Baker, who teaches international politics at Trinity College in Hartford, Connecticut, and political science at the American University in Cairo, provides a scathing critique of Western—and particularly American—imperialism. Reacting to orientalist attitudes and to the work of his mentor Samuel Huntington, he seizes every opportunity to remind the reader that many of the present crises in the Middle East have arisen as a result of the West’s ill-considered interventions, greed, and ineptitude. This criticism is particularly refreshing coming from an American, albeit one who has spent a large part of his adult life living in Cairo and traveling in Islamic lands.
The title suggests that Baker offers a grand tour of the great diversity of expressions of Islam around the world.

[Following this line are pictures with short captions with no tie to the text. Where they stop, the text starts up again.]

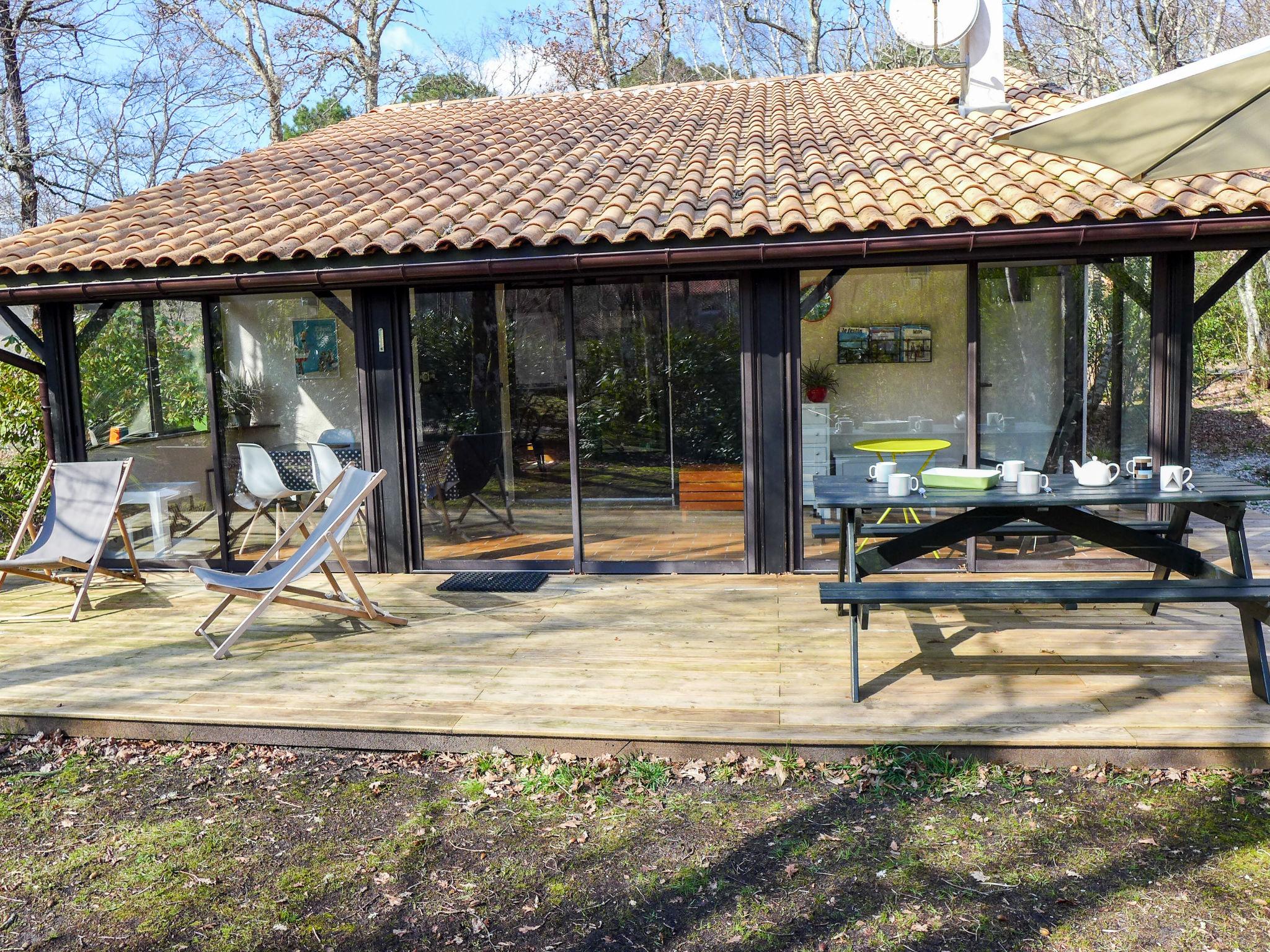 Photo 18 - Maison de 2 chambres à Lacanau avec piscine et jardin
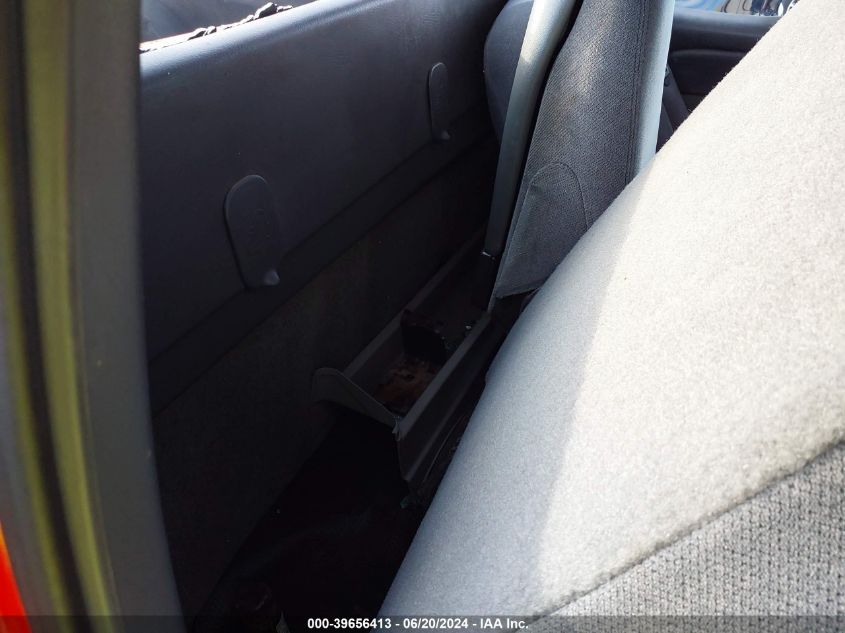 2006 GMC Sierra 2500Hd Sl VIN: 1GTHK24U26E270316 Lot: 39656413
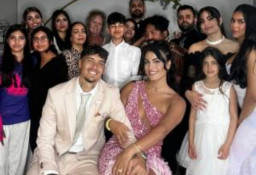 Bek Timnas Indonesia Shayne Pattynama Lamar Kekasihnya, Mina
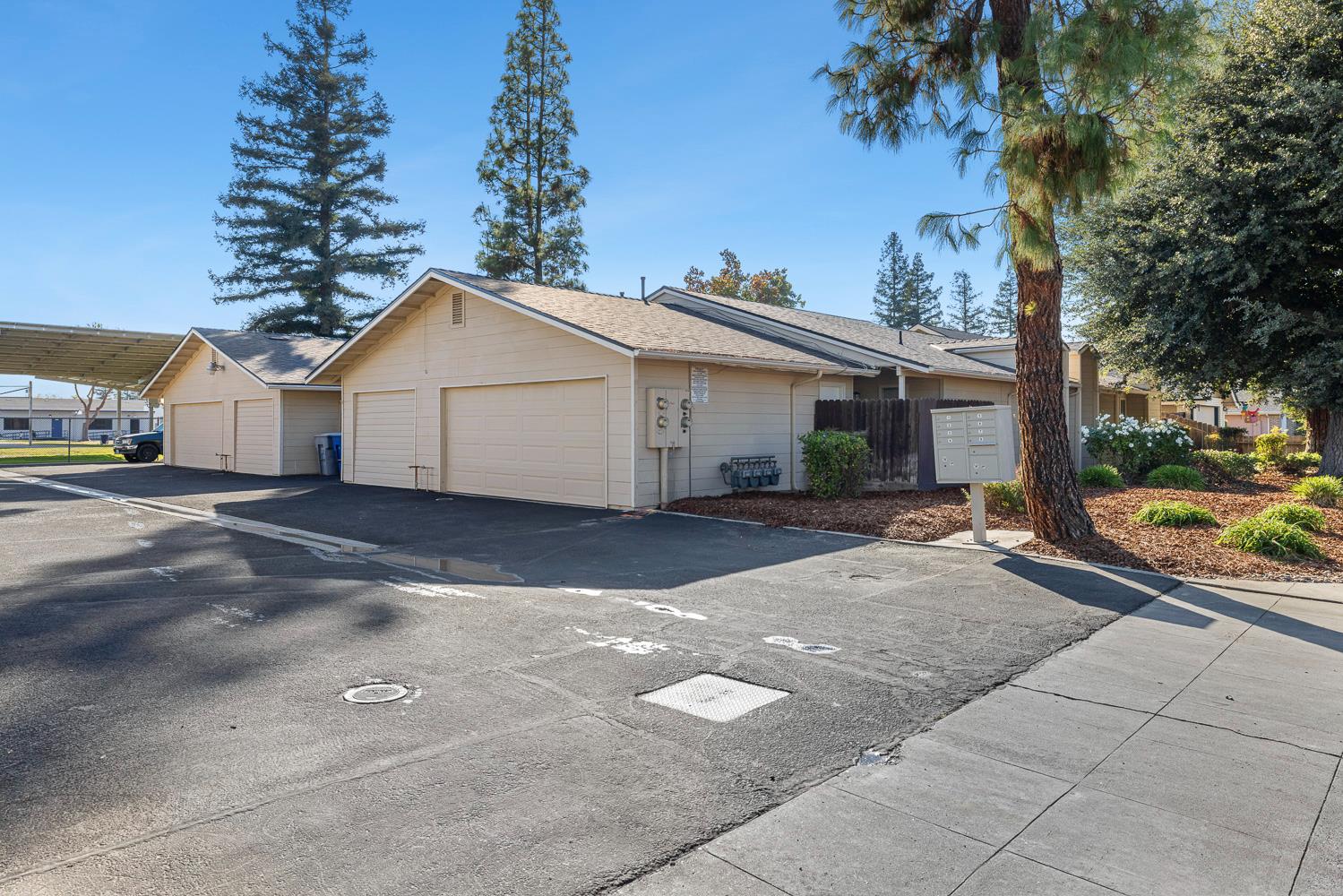 590 W Escalon Ave, Clovis, CA 93612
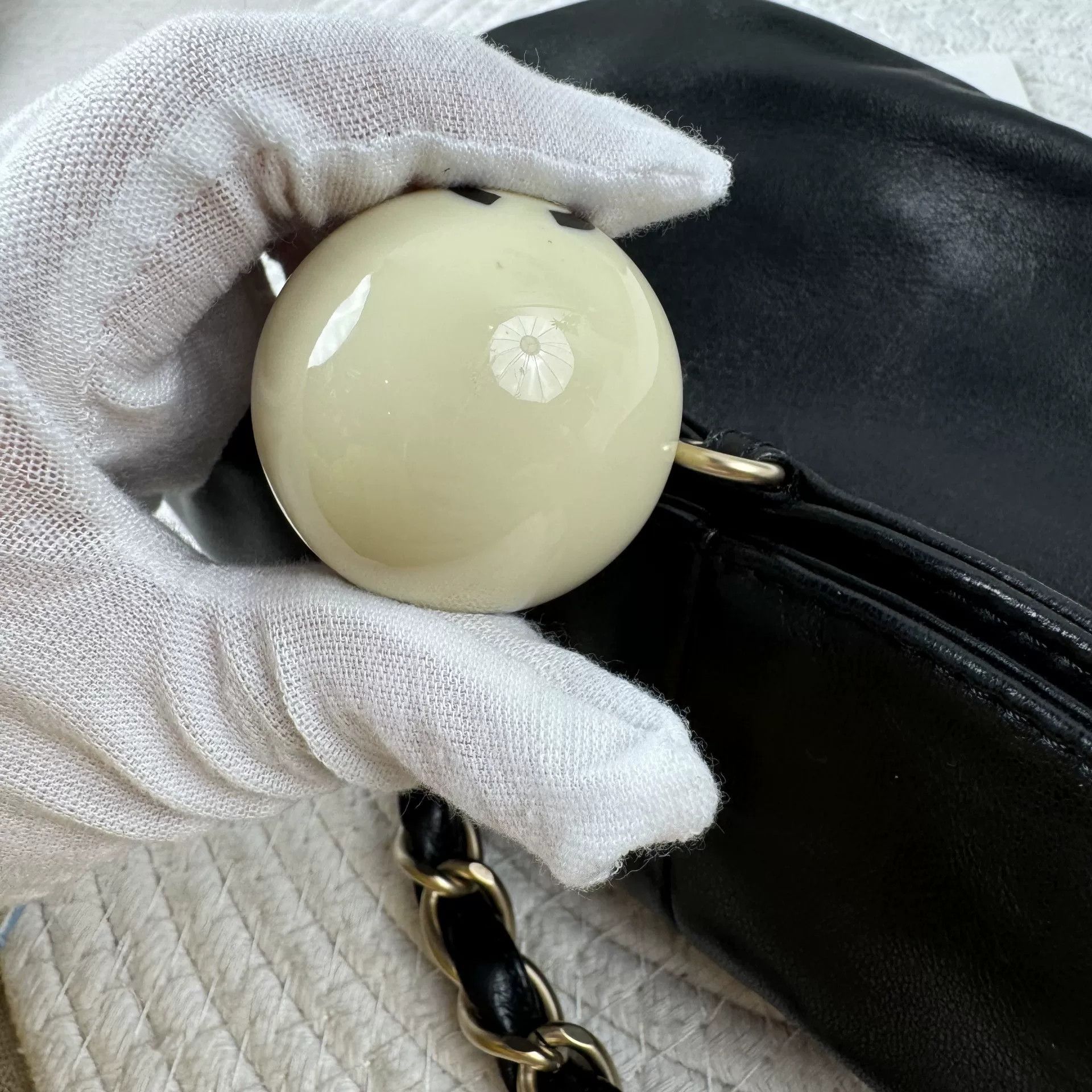 Chanel Pre-loved Bag Very good condition Size ONE SIZE - 8 Thumbnail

Instead, the book is a narrowly focused exploration of one particular stream, which the author terms the “River of Life.” Baker is clearly enamored of the Qur’an, which he quotes freely, and he seems to identify with Islam without declaring allegiance to it. He sees the wasatiyya as representing “Islam itself,” as though he has the authority to pronounce it the correct interpretation. On the other streams within Islam he has little to say. In a few sentences he writes off “inherited Islamic institutions like Al-Azhar,” the leading Sunni university in the world, as “docile official Islam.” He labels interpretations of Islam that espouse violence “criminal versions of Islam” and deems them unworthy of further discussion or explanation. He does not discuss progressive Muslims such as Abdullahi an-Na‘im, who advocates a form of secular state, or feminists such as Fatema Mernissi.
Geographically Baker’s gaze is fixed on what he calls the “Islamic strategic triangle”: the “three great demographic and cultural reservoirs” of Egypt, Turkey, and Iran. In his recounting, all great Islamic thought has hailed from these three countries. Apart from an occasional mention, the great majority of the world’s 1.6 billion Muslims disappear into obscurity; Asian and African Muslims are completely unrepresented. Even “retrograde Wahhabi Islam” receives scant mention, despite its colossal influence. Baker mentions the Salafis even less.
Doubtless such movements do not fit with Baker’s romanticized view of Islam and Shari‘a as “open, inclusive, and responsive to the world.” Yet they cannot and should not be ignored. They are legitimate examples of the “many Muslim worlds” announced in the book’s title.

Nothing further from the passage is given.